-- TASK INSTRUCTIONS --
All of the lines below need to be copied exactly, apart from the pictures.

----

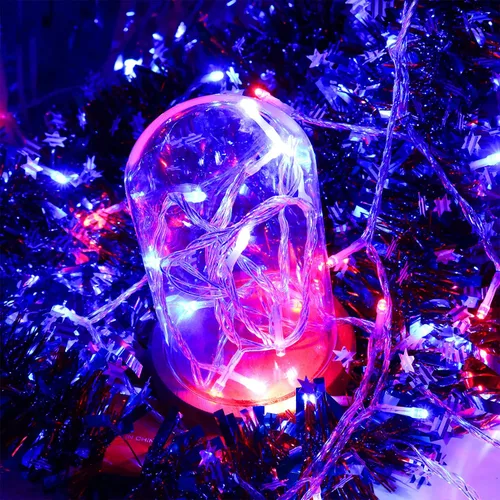 Vista 2 de Luces decorativas patrióticas del 4 de julio, tira de luces rojas, blancas y azules para interiores, 200 LED de 66 pies al aire libre, 8 modos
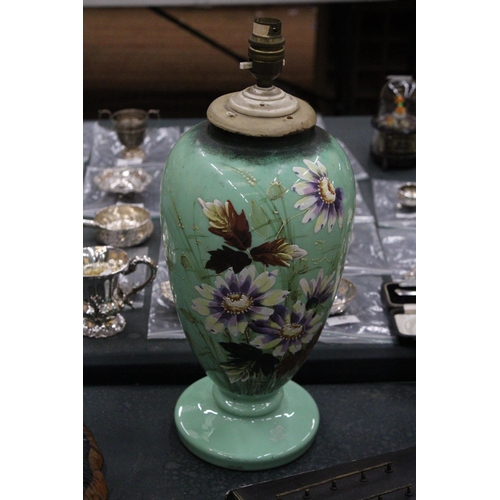 158 - A VICTORIAN HANDPAINTED FLORAL LAMP BASE, HEIGHT 35CM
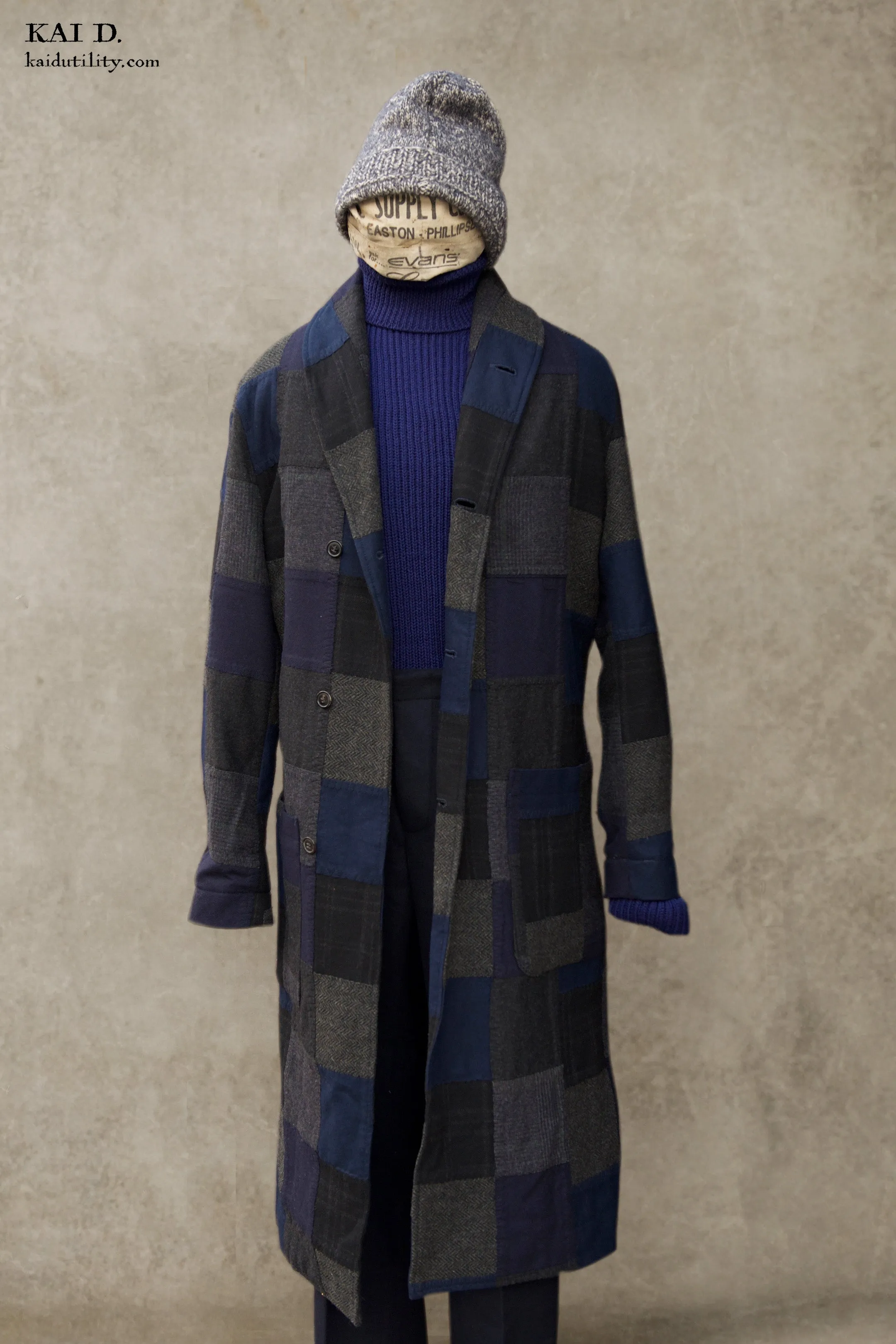 Patchwork Wool Rob Coat - Blue - M (NO RETURN)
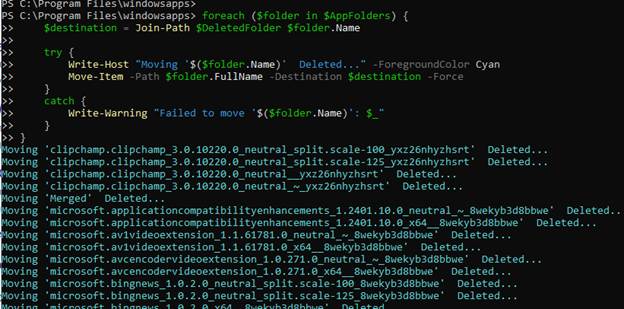 a powershell script to Prevent Store App Provisioning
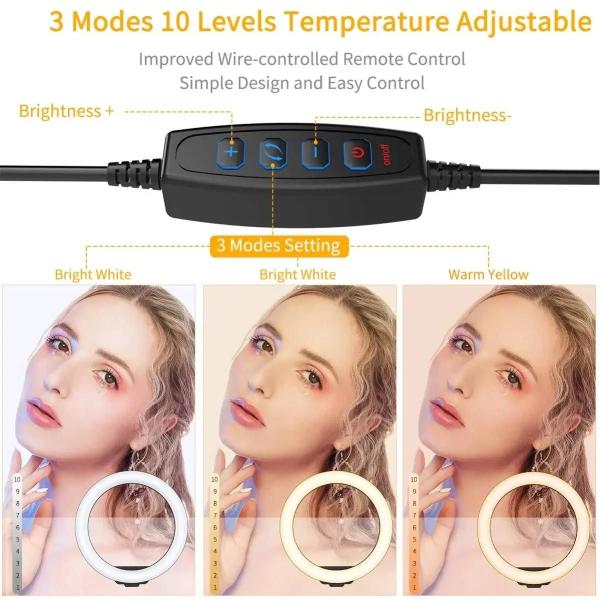 Anel de Luz LED para Selfie com Tripé e Suporte para Celular - Controle Remoto USB Imagem de Anel de Luz LED para Selfie com Tripé e Suporte para Celular - Controle Remoto USB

----

-- RESPONSE FOR THIS EXERCISE --
 Vista 2 de Luces decorativas patrióticas del 4 de julio, tira de luces rojas, blancas y azules para interiores, 200 LED de 66 pies al aire libre, 8 modos
 158 - A VICTORIAN HANDPAINTED FLORAL LAMP BASE, HEIGHT 35CM
 Patchwork Wool Rob Coat - Blue - M (NO RETURN)
 a powershell script to Prevent Store App Provisioning
 Anel de Luz LED para Selfie com Tripé e Suporte para Celular - Controle Remoto USB Imagem de Anel de Luz LED para Selfie com Tripé e Suporte para Celular - Controle Remoto USB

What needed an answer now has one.